Le petit Ernesto souffrant d’un asthme sévère, ce musée est en fait l’ancienne maison des Guevara qui avait déménagé à Alta Gracia, réputée pour son climat.
La visite est émouvante et on comprend mieux le parcours de cet intellectuel, médecin de formation , féru de philosophie qui a passé sa courte vie à exporter ses visions révolutionnaires.

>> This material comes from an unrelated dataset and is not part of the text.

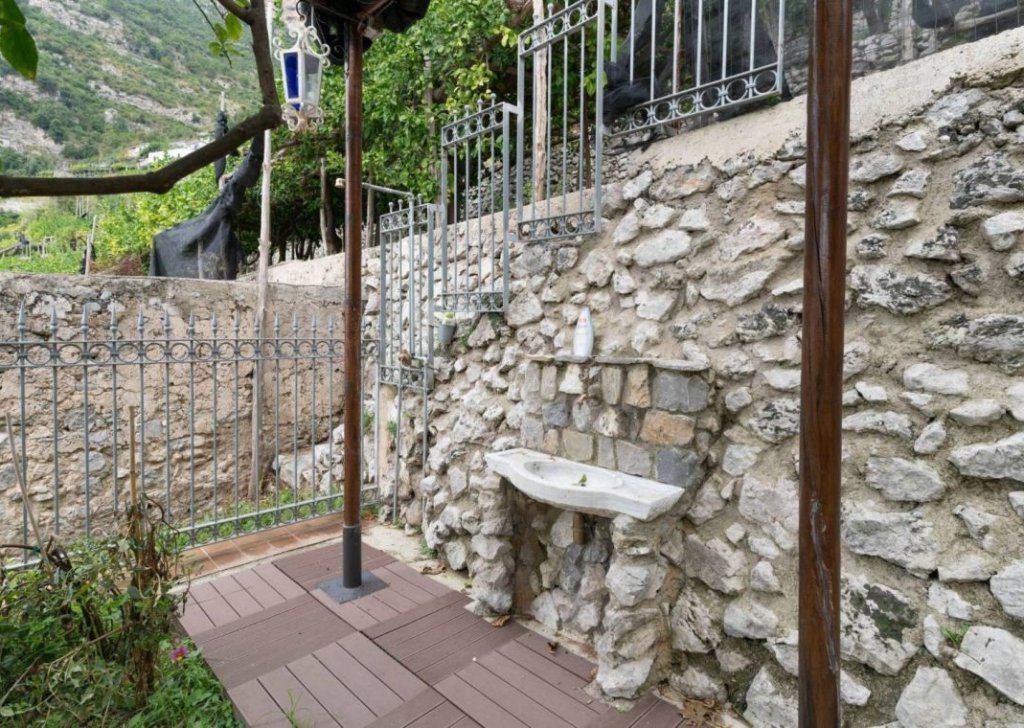 Proprietà indipendente in vendita  100 m² in buone condizioni, Amalfi, località Costiera Amalfitana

Entre les vestiges d’une évangélisation musclée et ceux d’une lutte communiste acharnée, nous perdons nos repères ! Nous décidons de reprendre la route vers Córdoba où nous avons rendez-vous avec les « 14 pattes », une famille de voyageurs avec 3 enfants que nous avions contactée lors de notre passage en Inde et que nous espérions retrouver un jour ou l’autre sur les routes.
la Cumbre
pour reprendre un camping-refuge qui sert de camp de base aux parapentistes qui viennent voler dans la région.
La rencontre est chaleureuse et nous passons plusieurs jours en leur compagnie ainsi que celle des « Ayabombé » (encore une famille française sur les routes avec leur 4 enfants !).
Quinze enfants qui jouent toute la journée, du vin chaud, un asado pantagruélique, un bœuf bourguignon comme à la maison, un coucher de soleil du haut de la falaise d’où partent les parapentes, bref le temps passe et nous n’avons plus envie de bouger.
Du coup, nous ne visiterons pas Córdoba et reprendrons directement la route vers le nord pour retrouver les Mériguet qui nous ont quitté depuis 2 mois.
Une petite pause à Monteros nous permet de fêter dignement l’anniversaire d’Isa au Club de los Socios l’unique restaurant de la ville. Ambiance…
Le nord de l’Argentine se dévoile peu à peu à nous et semble très prometteur tant au niveau des paysages qu’à celui de son patrimoine culturel qui faisait défaut dans le sud du pays.
Le dépaysement arrive à grands pas et nous avons hâte de nous y plonger.